UPDATE (June 7, 2016) Toni Morrison Papers Open for Research
The papers of Nobel laureate Toni Morrison are now part of the permanent library collections of Princeton University, where the renowned author served on the faculty for 17 years.
The announcement was made today by Princeton President Christopher L. Eisgruber to a packed audience in Richardson Auditorium, addressing attendees of the conference “Coming Back: Reconnecting Princeton’s Black Alumni.” Eisgruber made the announcement after a tribute to Morrison’s legacy at Princeton by trustee Ruth Simmons and before Morrison’s on-stage interview with Claudia Brodsky, professor of comparative literature.
Eisgruber said: “Toni Morrison’s place among the giants of American literature is firmly entrenched, and I am overjoyed that we are adding her papers to the Princeton University Library’s collections. This extraordinary resource will provide scholars and students with unprecedented insights into Professor Morrison’s remarkable life and her magnificent, influential literary works. We at Princeton are fortunate that Professor Morrison brought her brilliant talents as a writer and teacher to our campus 25 years ago, and we are deeply honored to house her papers and to help preserve her inspiring legacy.”
The papers of Toni Morrison contain about 180 linear feet of research materials documenting the author’s life, work and writing methods, according to Don Skemer, curator of manuscripts in the Department of Rare Books and Special Collections in the Princeton University Library. The papers will be among the most important holdings of the Manuscripts Division, housed in Firestone Library, with its renowned collection of major literary and publishing archives.
The papers have been gathered from many locations over time, beginning with manuscripts and other original materials that the library’s preservation office recovered and conserved after a fire in 1993 at Morrison’s home in Grandview, New York. Of greatest importance are manuscripts, drafts and proofs of Morrison’s novels: “The Bluest Eye” (1970), “Sula” (1973), “Song of Solomon” (1977), “Tar Baby” (1981), “Beloved” (1987), “Jazz” (1992), “Paradise” (1997), “Love” (2003), “A Mercy” (2008) and “Home” (2012).
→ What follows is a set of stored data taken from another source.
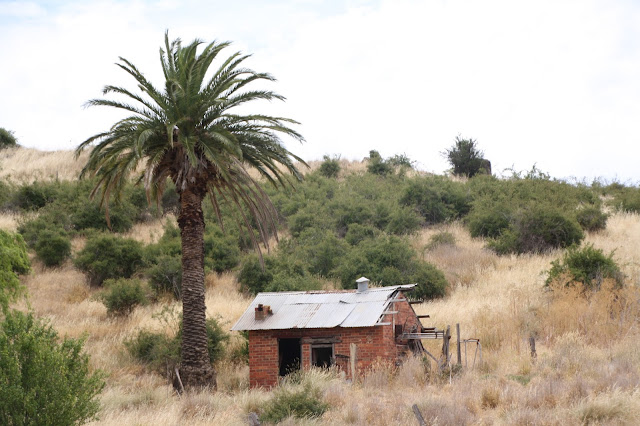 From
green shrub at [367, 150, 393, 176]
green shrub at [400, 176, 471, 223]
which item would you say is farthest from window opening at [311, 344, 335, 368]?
green shrub at [367, 150, 393, 176]

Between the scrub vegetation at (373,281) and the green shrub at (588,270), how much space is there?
6 cm

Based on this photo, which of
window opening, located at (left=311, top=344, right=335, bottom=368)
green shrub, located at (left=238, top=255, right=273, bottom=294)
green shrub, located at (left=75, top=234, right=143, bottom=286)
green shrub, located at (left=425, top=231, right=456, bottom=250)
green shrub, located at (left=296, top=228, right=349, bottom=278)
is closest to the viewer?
window opening, located at (left=311, top=344, right=335, bottom=368)

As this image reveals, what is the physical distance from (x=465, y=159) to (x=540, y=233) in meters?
26.7

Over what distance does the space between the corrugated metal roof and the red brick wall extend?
31 cm

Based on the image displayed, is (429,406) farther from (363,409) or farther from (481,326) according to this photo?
(481,326)

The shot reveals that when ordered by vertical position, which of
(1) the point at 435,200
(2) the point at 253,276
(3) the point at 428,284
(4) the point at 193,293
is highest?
(1) the point at 435,200

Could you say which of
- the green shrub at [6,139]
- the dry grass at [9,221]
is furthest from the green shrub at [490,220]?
the green shrub at [6,139]

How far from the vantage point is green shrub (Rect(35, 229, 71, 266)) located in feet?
115

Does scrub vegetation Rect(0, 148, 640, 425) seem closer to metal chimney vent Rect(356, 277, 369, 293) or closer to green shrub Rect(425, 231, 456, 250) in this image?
green shrub Rect(425, 231, 456, 250)

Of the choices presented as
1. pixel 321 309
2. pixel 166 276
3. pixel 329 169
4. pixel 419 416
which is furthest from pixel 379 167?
pixel 419 416

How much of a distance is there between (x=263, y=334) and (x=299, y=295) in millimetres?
2381

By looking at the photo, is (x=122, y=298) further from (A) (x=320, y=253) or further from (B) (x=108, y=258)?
(A) (x=320, y=253)

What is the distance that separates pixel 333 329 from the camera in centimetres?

Also included are materials for Morrison’s children’s literature, lyrics, lectures, nonfiction writing, a play, correspondence, diaries, photographs, course materials, videotapes and more.
Complementing the papers are printed editions of all of Morrison’s publications and translated work in more than 20 languages. Additional manuscripts and papers will be added over time, beginning with the manuscript of Morrison’s forthcoming novel expected to be published in the spring.
Over the next year, archivists will focus on the arrangement, description, cataloging, preservation and selective digitization of the papers to make them available for research.